This summer marks the 40th Anniversary of 1969's historic Woodstock Music And Arts Festival. As part of the celebration, Sony/Legacy Recordings is releasing a limited edition series of deluxe, double disc recordings by five of the artists whose performances at Woodstock changed the world.
Dubbed The Woodstock Experience, each double-CD set pairs a classic 1969 album from the featured artist, along with their full festival performance. All of the concert recordings — by Jefferson Airplane, Janis Joplin, Johnny Winter, Sly And The Family Stone, and Santana — appear on these CDs in their entirety for the first time ever. All are packaged in eco-friendly sleeves, that include a mini-version of the original album cover and a 16 X 20 inch double-sided fold-out poster. With this series, which we are also calling The Woodstock Experience, Blogcritics will be reviewing each of these commemorative sets.
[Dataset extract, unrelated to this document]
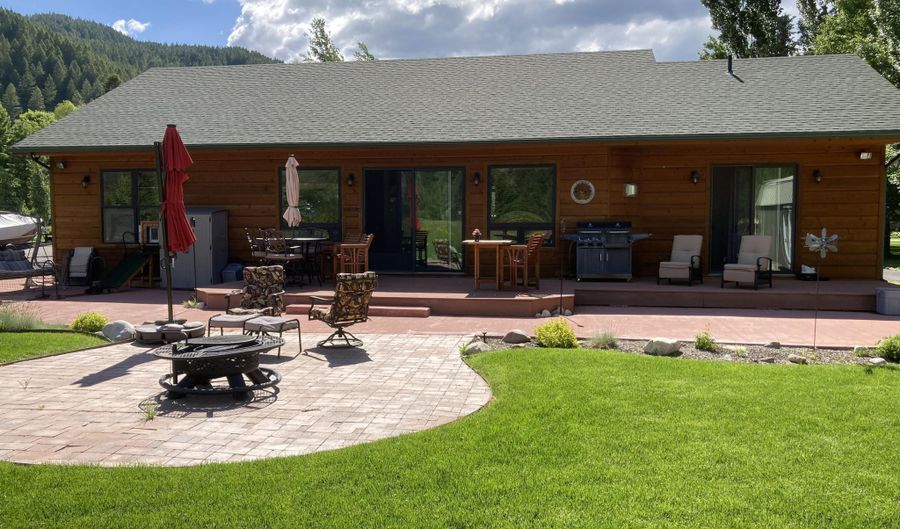 525 THREE RIVERS Dr, Alpine, WY 83128 - 3 Beds, 3 Bath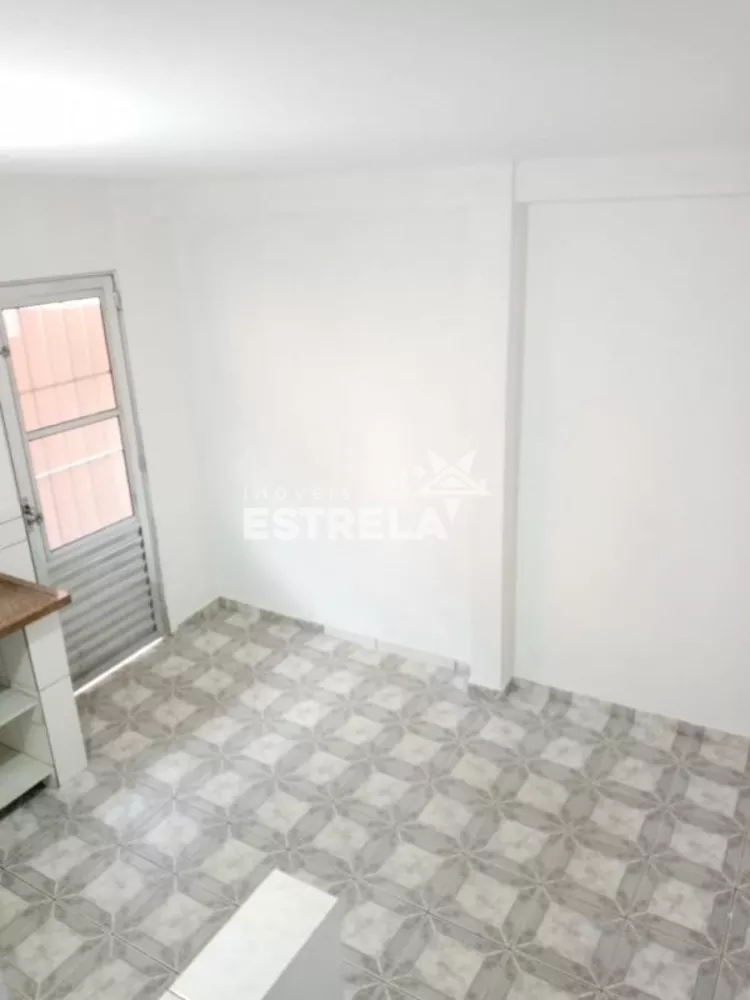 Casa à venda com 2 quartos, 157m² - Foto 2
Although it may seem hard to believe now, Santana was virtually unknown outside of the San Francisco area when they performed at the 1969 Woodstock Festival.
With only a single album to their credit at the time, Santana was one of a handful of promising, but lesser-known acts chosen by promoters to perform at the three-day rock bash alongside such megabands as The Who, Jimi Hendrix, and Jefferson Airplane.
Santana's unknown status, of course, changed overnight with the band's historic performance. Along with bands like Sly And The Family Stone and Ten Years After, Santana in fact proved to be one of the true breakout acts of the festival.
Their roughly fifty-minute set proved to be a career changer, particularly once the Woodstock film captured their electrifying version of "Soul Sacrifice" a year later. By the time they got to Woodstock, Carlos and company were pretty much set for life. The followup album Abraxas and its hit version of Peter Green's "Black Magic Woman" merely sealed the deal.